In 1429, towards the end of the Hundred Years' War, before the siege of Orleans, Joan of Arc and her followers came to fetch horses at Le Rivau, already renowned for the quality of its equipage and war horses who were raised there. In 1510 François de Beauvau, captain of King Francis I of France, constructed the monumental stables, in the outbuildings' courtyard, that supplied royal stallions. Those stables became the royal stables of Henri III and housed his stallions. An exhibit shows the history of the King's horses and tells the visitor about the mythical horses: Pegasus, Unicorn...
Since 1992, the new owners have undertaken a huge renovation campaign to prevent the decay of the castle, stable and winery. This ensemble is quite exceptional in the region and has been classified as a monument historique since 1918 by the French Ministry of Culture.
With its majestic keep and its protective drawbridge, the Château du Rivau seems to come straight out of a fairy tale. Its shape is reminiscent of 13th century fortified castles as suggest the square layout one can still discern. The square shaped keep was the heart of the castle’s fortification.

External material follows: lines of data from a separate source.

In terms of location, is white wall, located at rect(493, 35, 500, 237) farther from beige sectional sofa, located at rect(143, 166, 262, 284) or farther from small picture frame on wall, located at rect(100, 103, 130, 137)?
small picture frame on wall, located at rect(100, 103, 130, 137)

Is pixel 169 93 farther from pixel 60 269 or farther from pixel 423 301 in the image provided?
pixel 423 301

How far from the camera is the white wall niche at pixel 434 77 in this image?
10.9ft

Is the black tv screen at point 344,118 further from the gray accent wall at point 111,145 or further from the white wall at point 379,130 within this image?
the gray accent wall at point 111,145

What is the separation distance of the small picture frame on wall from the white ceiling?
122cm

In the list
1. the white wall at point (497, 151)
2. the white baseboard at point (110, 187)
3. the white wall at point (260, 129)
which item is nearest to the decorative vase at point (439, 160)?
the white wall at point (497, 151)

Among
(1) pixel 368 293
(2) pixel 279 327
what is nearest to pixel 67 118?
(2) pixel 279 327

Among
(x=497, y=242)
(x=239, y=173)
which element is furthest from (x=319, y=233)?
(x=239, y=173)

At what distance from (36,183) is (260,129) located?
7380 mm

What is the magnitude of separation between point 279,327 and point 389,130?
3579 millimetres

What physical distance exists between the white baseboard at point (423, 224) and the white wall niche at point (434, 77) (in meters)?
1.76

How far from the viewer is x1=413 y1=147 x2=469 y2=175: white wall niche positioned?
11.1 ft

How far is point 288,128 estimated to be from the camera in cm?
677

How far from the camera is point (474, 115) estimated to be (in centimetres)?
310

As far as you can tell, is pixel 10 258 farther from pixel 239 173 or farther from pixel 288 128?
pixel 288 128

Yet the Rivau was one of the first ornamental castles to be built: its cheminees, wide windows and frescos endow it with a harmonious style. In the dining hall of the Feast of Belshazzar, a biblical episode of the Feast of Belshazzar was depicted over the fire mantelpiece by a Flemish master of the 16th century. According to the Bible, the son of King Nebuchadnezzar had violated the sacred vases of the temple of Jerusalem.

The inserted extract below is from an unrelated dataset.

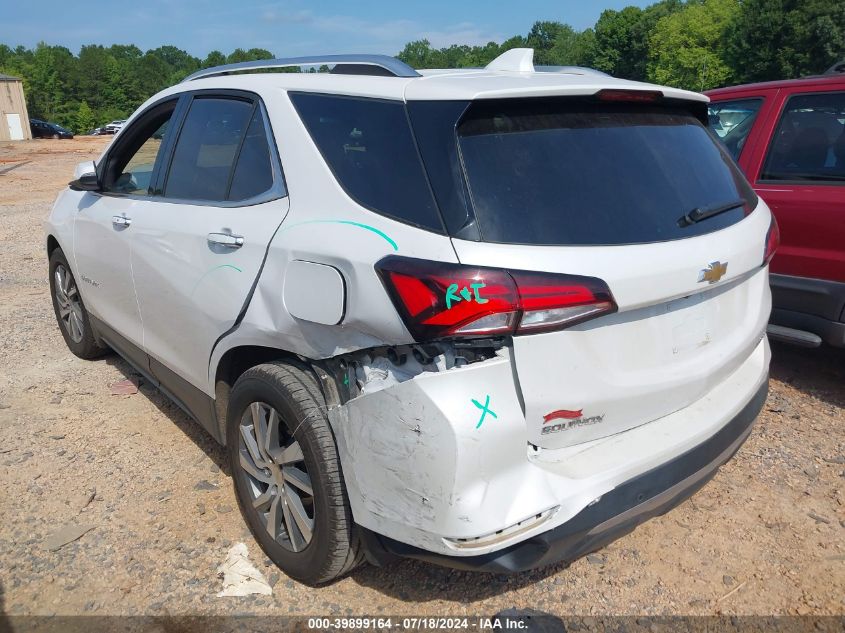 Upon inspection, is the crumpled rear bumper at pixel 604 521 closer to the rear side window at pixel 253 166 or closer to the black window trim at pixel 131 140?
the rear side window at pixel 253 166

The Château du Rivau is intimately linked to the illustrious Beauvau family. Related to the Counts of Anjou, they had the privilege to pay homage to their suzerain with a sword at their side, standing, and wearing hats. During the 13th century, the Beauvau family served the Kings of France. They were then allied to the royal family through the marriage of Isabeau de Beauvau to Jean II de Bourbon in 1454. Great servants of the Kings of France, many of the Beauvau family members gave their lives for the kingdom. During the 17th century, Le Rivau was protected by Richelieu as his sister Françoise was married to Jean de Beauvau, lord of Rivau. Once they became princes of Lorraine, the Beauvau family left the Touraine region. Le Rivau remained in the family's possession for 247 years.
In 1510 his heir, François de Beauvau, captain of François I, constructed the monumental stables that supplied royal stallions in the outbuildings courtyard. He died at the Battle of Sesia River, at the side of Bayard, on April the 30 1524.
In 1768, the marquis Michel-Ange de Castellane, the lord of Villandry, acquired Le Rivau. He stayed there with his family until 1796.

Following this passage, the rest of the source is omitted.